We’re not trying to piss you off; you appear to be naturally bitter anyway. We downvoted because your comments are terrible.

Denial, she ain't just an Egyptian river...
10 years ago
Reply to  Jon C

…and clearly they do bother you, for you to comment on them so, so often.

Eric Feczko
10 years ago
Reply to  Jon C

People are voting you down because you are being foolish.

Clemens and Bonds still garnered ~35% of the vote in their second year. This was not a large dropoff, and it is entirely conceivable that they will get elected within the next 13 years.

Voters had multiple opportunities to vote in non-steroid users in the past (Trammel, Raines and Bagwell immediately come to mind). They did not. It is the collective voting over multiple years that has led to a clogged ballot, not simply Bonds and Clemens.

Jon C
10 years ago
Reply to  Eric Feczko

Yeah Bonds will get in, and Santa is my neighbor. He needs not only votes, but a new electorate. This isn’t a referendum of Bonds’ skill, it’s a total contempt for cheating. It’s not the same as when Blyleven needed and got a push to the finish line. You need to convert people to a different mindset.

mark-in-sydney
10 years ago
Reply to  Jon C

I realize that this topic is done to death but for the last two years it continues to get my goat. The issue isn’t really steriods, the issue is the BBWAA members’ response to steroids. Basically, I think it amounts to guilt.

There is no doubt that Clemens and Bonds are both worthy of the HoF. There is also no doubt that, at the time they played, the baseball establishment, including Selig and most BBWAA members, were far more interested in their prowess than in rumours that they were on PEDs, despite Jose Canseco and others being very clear about. Then there was the Mitchell Report and they were shown up to be rather foolish.

So now these same guys feel guilty. And they do what most people do in such a situation, look for a scapegoat. Bonds and Clemens become it. And the writers mouth, hypocritically in my opinion, that they are “teaching them a lesson” and that “cheats never prosper” by not voting for them. I call BS on that. They just don’t have the balls to say that, despite the PEDs they are deserving. Not that my little rant will change anything…

SocraticGadfly
10 years ago
Reply to  mark-in-sydney

Half correct.

Everybody here should read Bryan Curtis’ “The Steroid Hunt” on Grantland. Writers were already filling in the blanks in 1995, and he’s got articles linked.

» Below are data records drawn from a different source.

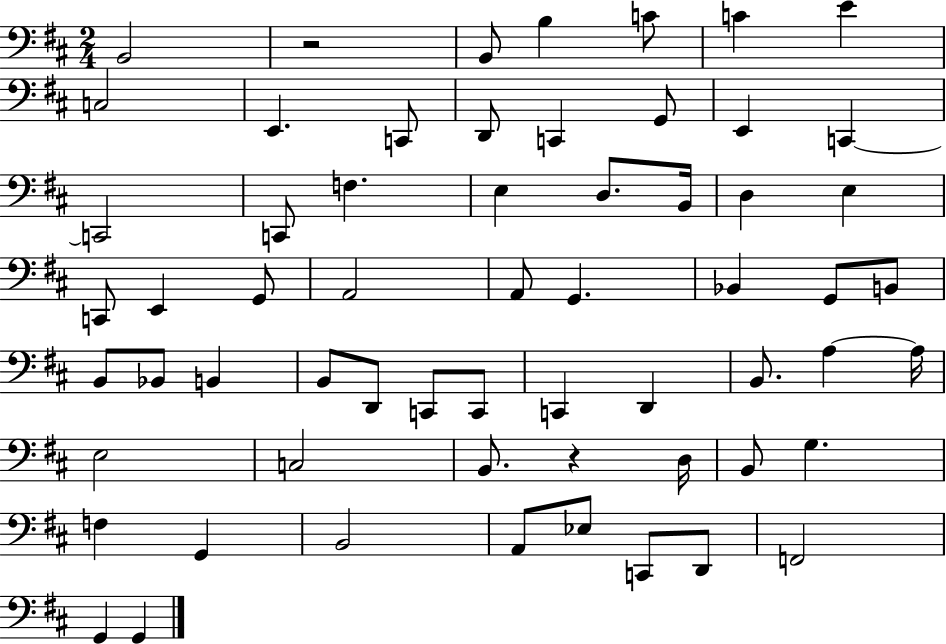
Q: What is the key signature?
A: D major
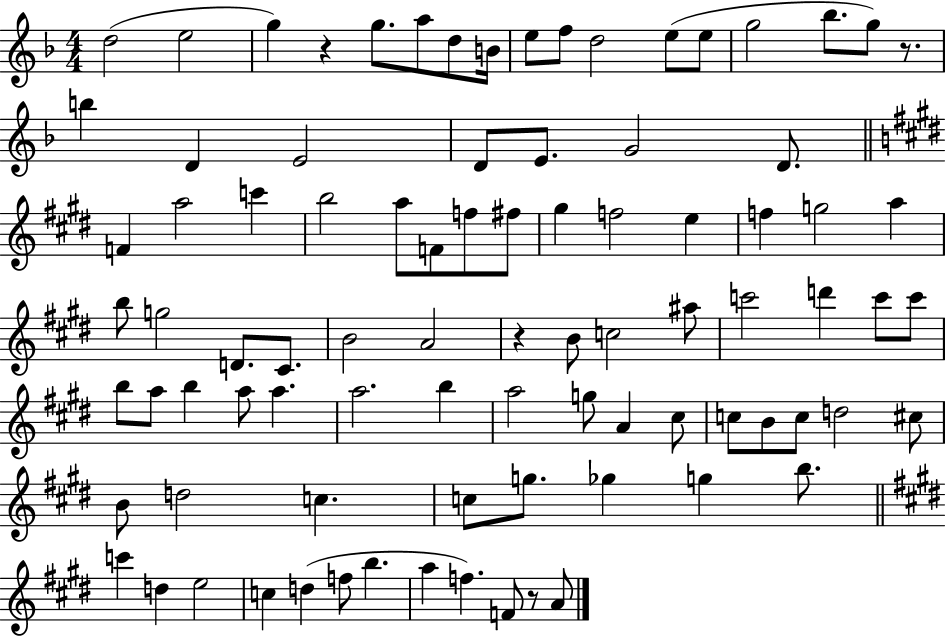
X:1
T:Untitled
M:4/4
L:1/4
K:F
d2 e2 g z g/2 a/2 d/2 B/4 e/2 f/2 d2 e/2 e/2 g2 _b/2 g/2 z/2 b D E2 D/2 E/2 G2 D/2 F a2 c' b2 a/2 F/2 f/2 ^f/2 ^g f2 e f g2 a b/2 g2 D/2 ^C/2 B2 A2 z B/2 c2 ^a/2 c'2 d' c'/2 c'/2 b/2 a/2 b a/2 a a2 b a2 g/2 A ^c/2 c/2 B/2 c/2 d2 ^c/2 B/2 d2 c c/2 g/2 _g g b/2 c' d e2 c d f/2 b a f F/2 z/2 A/2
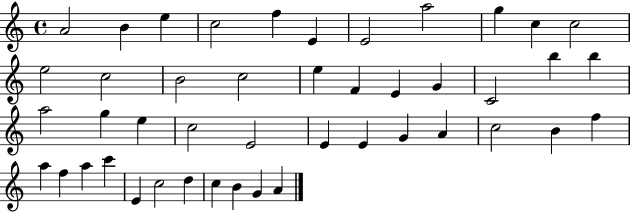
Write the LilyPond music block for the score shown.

{
  \clef treble
  \time 4/4
  \defaultTimeSignature
  \key c \major
  a'2 b'4 e''4 | c''2 f''4 e'4 | e'2 a''2 | g''4 c''4 c''2 | \break e''2 c''2 | b'2 c''2 | e''4 f'4 e'4 g'4 | c'2 b''4 b''4 | \break a''2 g''4 e''4 | c''2 e'2 | e'4 e'4 g'4 a'4 | c''2 b'4 f''4 | \break a''4 f''4 a''4 c'''4 | e'4 c''2 d''4 | c''4 b'4 g'4 a'4 | \bar "|."
}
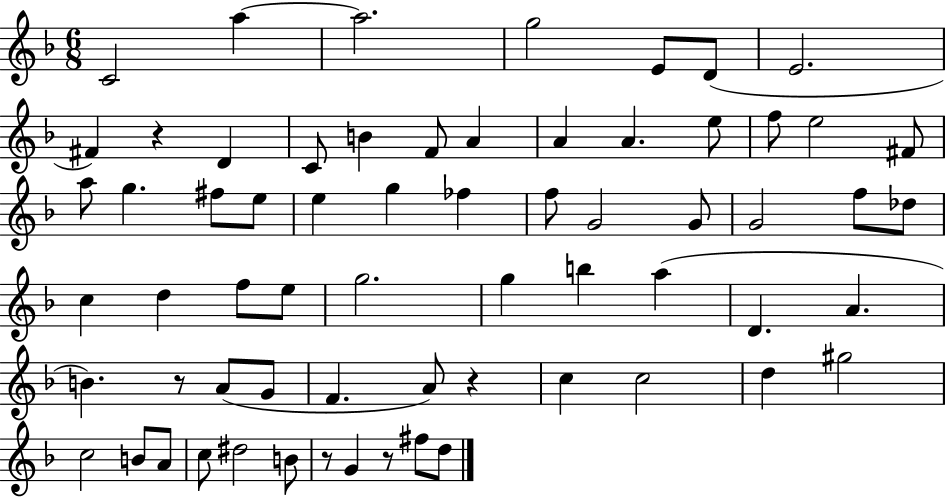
C4/h A5/q A5/h. G5/h E4/e D4/e E4/h. F#4/q R/q D4/q C4/e B4/q F4/e A4/q A4/q A4/q. E5/e F5/e E5/h F#4/e A5/e G5/q. F#5/e E5/e E5/q G5/q FES5/q F5/e G4/h G4/e G4/h F5/e Db5/e C5/q D5/q F5/e E5/e G5/h. G5/q B5/q A5/q D4/q. A4/q. B4/q. R/e A4/e G4/e F4/q. A4/e R/q C5/q C5/h D5/q G#5/h C5/h B4/e A4/e C5/e D#5/h B4/e R/e G4/q R/e F#5/e D5/e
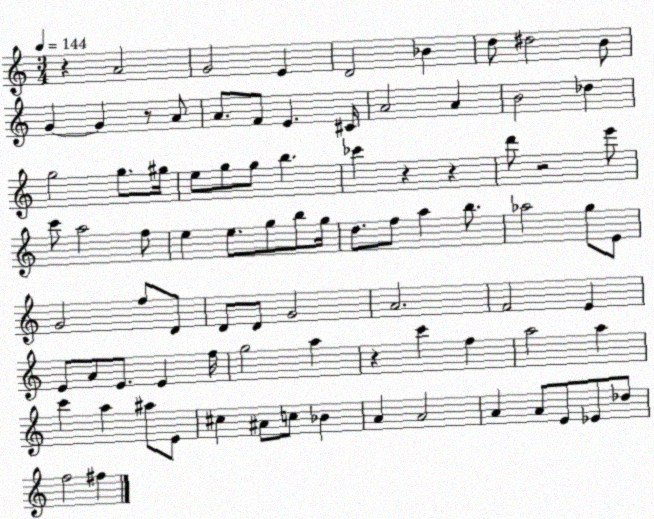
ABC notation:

X:1
T:Untitled
M:3/4
L:1/4
K:C
z A2 G2 E D2 _B d/2 ^d2 B/2 G G z/2 A/2 A/2 F/2 E ^C/4 A2 A B2 _d g2 g/2 ^g/4 e/2 g/2 g/2 b _c' z z d'/2 z2 e'/2 c'/2 a2 f/2 e e/2 g/2 b/2 g/4 d/2 f/2 a b/2 _a2 g/2 E/2 G2 f/2 D/2 D/2 D/2 G2 A2 F2 E E/2 A/2 E/2 E f/4 g2 a z c' f a2 a c' a ^a/2 E/2 ^c ^A/2 c/2 _B A A2 A A/2 E/2 _E/2 _d/2 f2 ^f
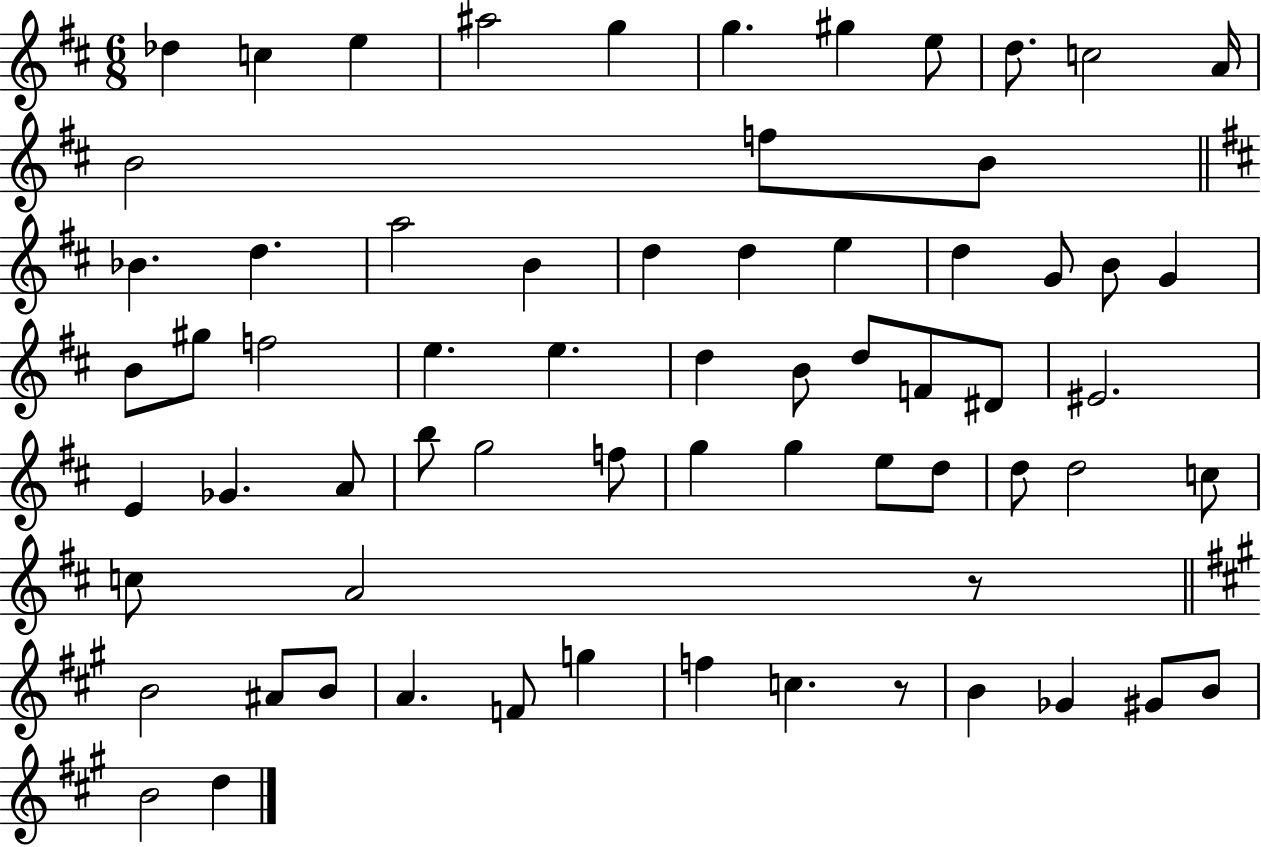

But, half the writers are looking at “small Hall” voters as being guilty, because plenty of them want to vote in Bonds & Clemens AND a dozen others.

So, I don’t feel sorry for the Bobbesey Twins. I also don’t feel sorry for ESPN writers who keep voting for them and then complaining about too small a ballot, especially when a lot of them were either columnists or beat writers back then.

http://www.grantland.com/story/_/id/10261642/mlb-hall-fame-voting-steroid-era

Dprat
10 years ago
Reply to  Jon C

Over at Weird Meat’s HOF tracker, actual ballots are tabulated, currently 192 of them, almost exactly one third of the total. I count nine full ballots (10 players voted for) that have a Morris vote but no Biggio vote. So you can extrapolate that out to 20 to 30 votes, maybe even more. In short, you are wrong by a factor of 20-30+. Nice work.

Jon C
10 years ago
Reply to  Dprat

Did they have bonds and Clemens as well? also could you link me to that page?

SocraticGadfly
10 years ago
Reply to  Jon C

Other travesties? Mussina only getting 20 percent; Raines’ support slipping a bit.